What's the naughtiest thing you've ever done?
Ran through fields of wheat?
Crashing the United Kingdom out of the European Union ?
Taken the UK into a Middle East war, for no real reason?
Sold the nation's entire reserves of gold on Ebay with no reserve bid?
Saying you spent all your time working on the dangerous dogs act. When the only dangerous dog you were seeing was the one your were having an extramarital affair with.
Replacing the most hated tax in the UK, the Rates, with an even more hated one?
Running up so much money on the nation's credit card you had to call the IMF to help pay it off.
I'd suggest having a PM tripping on acid all day long would be doing the country less harm than some of the other things they might be planning.
For me, in my leadership bid to become PM, I cannot really think of what the naughtiest thing I've ever done is.
There are quite a few. Which always surprises me as I'm usually so very good.
I was present when a sibling Monopoly game descended into gunfire.
I once piled up 100, 60x20 cardboard boxes. Having filled the cente ones with aerosols. And set them on fire. The Fire-brigade had to be caled to help put out all the trees that were burning.
I swapped all the house signs from people's gardens, walking home from school one day. People were furious.
I took part in the very first 'race around the M25' when the motorway opened. And almost, almost had a severe accident when it turned out the damn thing wasn't completed at all. And there were still traffic lights in use at the Abbotts Langely section.
But I suppose being asked to leave my boarding school for an undisclosed incident, that really wasn't that bad, must be the naughtiest. And amongst people I knew at school, that was a really minor incident, compared to what they were up too.
What was your "Naughtiest moment?"
5 comments:
Anon for a reason
Whilst under 18,
- hid a 4ft long gas cylinder under some lumber that was due to be burnt during the renovation of a rival school. It was found.
- got a copy of the anarchists cookbook on inter library loan (innocent times) made my own nitroglycerin. Not much but enough to know it worked. In a separate experiment set fire to a shed.
-Went through a phase of stealing books on compiler design from foyles.
- got pretty good at shooting bluetits at 80 yards with an air rifle.
... but disappointingly no drugs.
Again, school. We completely demolished an upright piano in the lunch break. It had been left outside the Woodwork shop for some loving restoration. The only part we couldn't destroy was the iron frame - we hid it under the low timber staging at the front of the classroom. Everything else was reduced to fragments no larger than an ivory key and scattered in the thick hedges around the adjoining rugby pitch.
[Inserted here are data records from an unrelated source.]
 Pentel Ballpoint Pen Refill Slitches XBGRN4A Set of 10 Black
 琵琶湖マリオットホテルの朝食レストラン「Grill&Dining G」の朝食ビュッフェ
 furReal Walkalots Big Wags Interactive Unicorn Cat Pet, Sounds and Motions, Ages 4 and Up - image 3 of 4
I still feel guilty. Killing a musical instrument is a sin.
will limber up for confession on the Big One in a while ...
but on the low-level pyro front: during lunchbreaks a fellow pupil & I discovered an excellent Guy Fawkes trick. Find a street with a suitable system of drains (and plenty of pedestrians ...); carefully lower a lit firework (big banger is best) through a drain grille where you see a bed of autumn leaves beneath (rather than running water, natch); retire, & watch
with the right drain system, it goes off with an amplified boom (confined space etc), and smoke jets out all along the street at intervals from the drain grilles on either side
[I say 'low level pyro' because at university there was a chemist who started experimenting ... his explosions began to get so big, he needed to conduct them out in open countryside, and Plod started taking an interest (it was the IRA years). So, for his graduation special, he and some mates built a raft, borrowed a yacht, and went out into the Bay of Biscay for remote detonation at a safe distance. They claimed the French Air Force flew over to find out WTF. Well, I believed them]
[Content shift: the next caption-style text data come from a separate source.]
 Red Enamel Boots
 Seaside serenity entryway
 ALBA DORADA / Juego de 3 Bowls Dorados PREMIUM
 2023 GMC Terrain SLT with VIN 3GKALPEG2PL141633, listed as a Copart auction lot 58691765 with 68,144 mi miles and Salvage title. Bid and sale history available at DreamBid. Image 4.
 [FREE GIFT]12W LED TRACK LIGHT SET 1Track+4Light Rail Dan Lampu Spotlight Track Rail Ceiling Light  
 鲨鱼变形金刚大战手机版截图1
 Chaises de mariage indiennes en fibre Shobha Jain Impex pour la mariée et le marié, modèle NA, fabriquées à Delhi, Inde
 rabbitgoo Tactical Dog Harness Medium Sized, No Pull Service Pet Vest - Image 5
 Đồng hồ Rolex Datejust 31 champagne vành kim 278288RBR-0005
Is it unusual to have partaken of weed, speed, acid, E and a bit of heroin? No coke for me (unlike Gove) - too working class for that.
I could write a blog about all the naughtiest things I've done - in fact I did, about six year's of material.
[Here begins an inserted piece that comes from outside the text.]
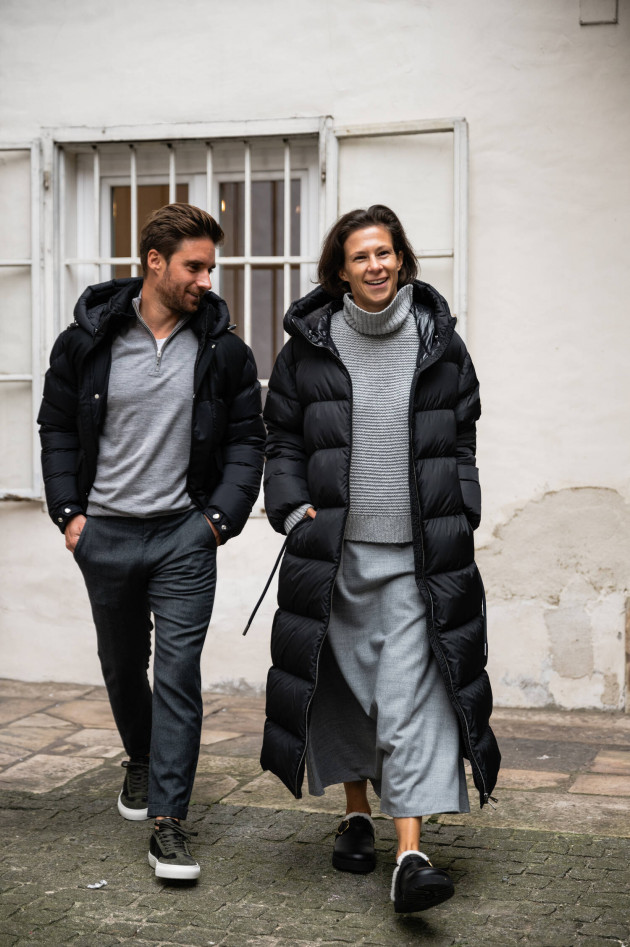 Moncler Daunenmantel BONDREE in Schwarz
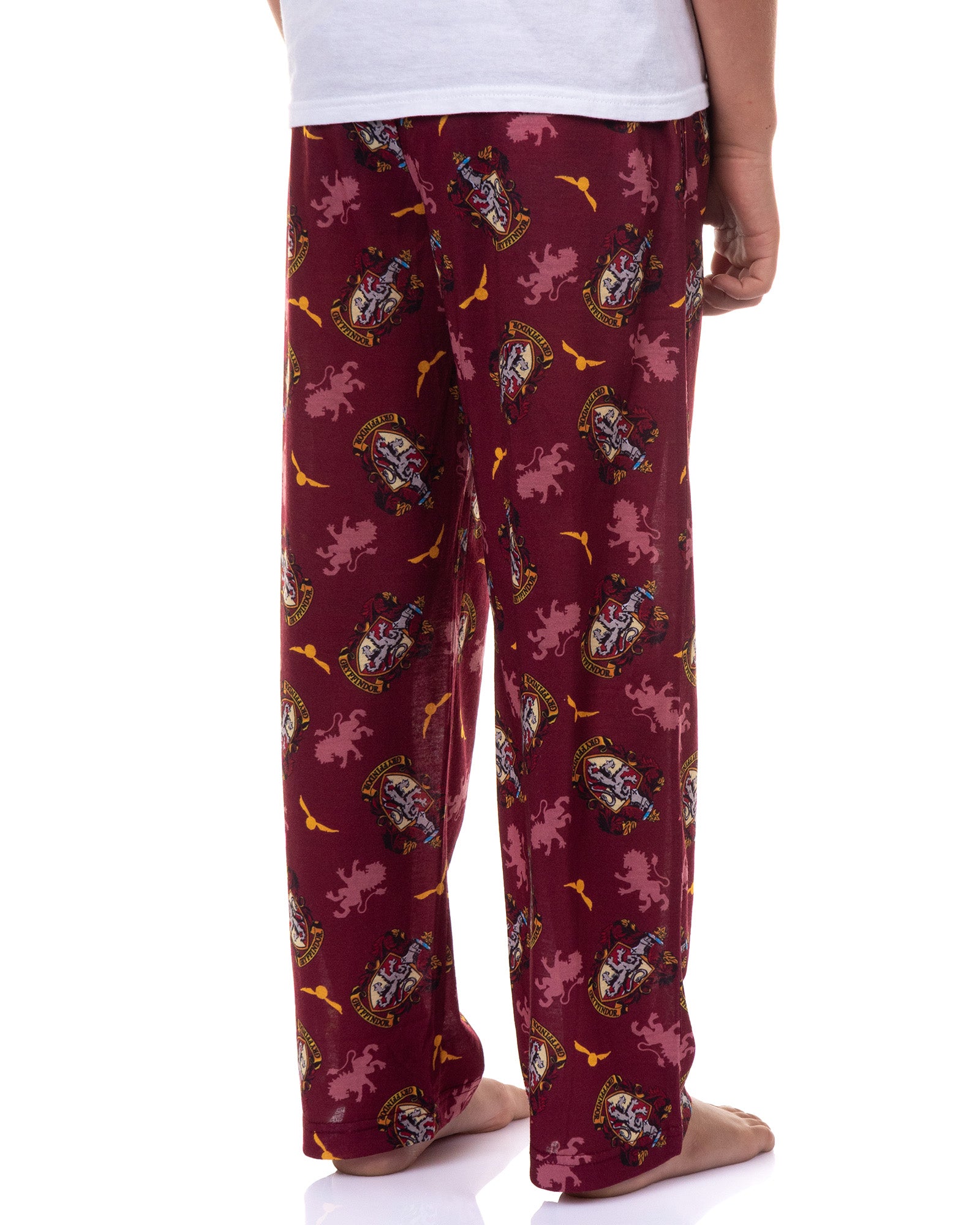 Harry Potter Pajamas Boy's House Crest Icons Lounge Pj Pants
If everyone who dabbled with a bit of weed or coke was barred from the world of work ...
A pyromaniac myself. Many incidents. One including an upturned metal dustbin lid filled with gunpowder from all the dud fireworks I could find. It wouldn't ignite so, with one final match, I looked closer to see what was wrong...
WOOOOOF !
Eyebrows gone. Hair gone - back past ears, Art Garfunkel style. I turned to my brother, my face still smoking, "Do you think Mum'll notice ???"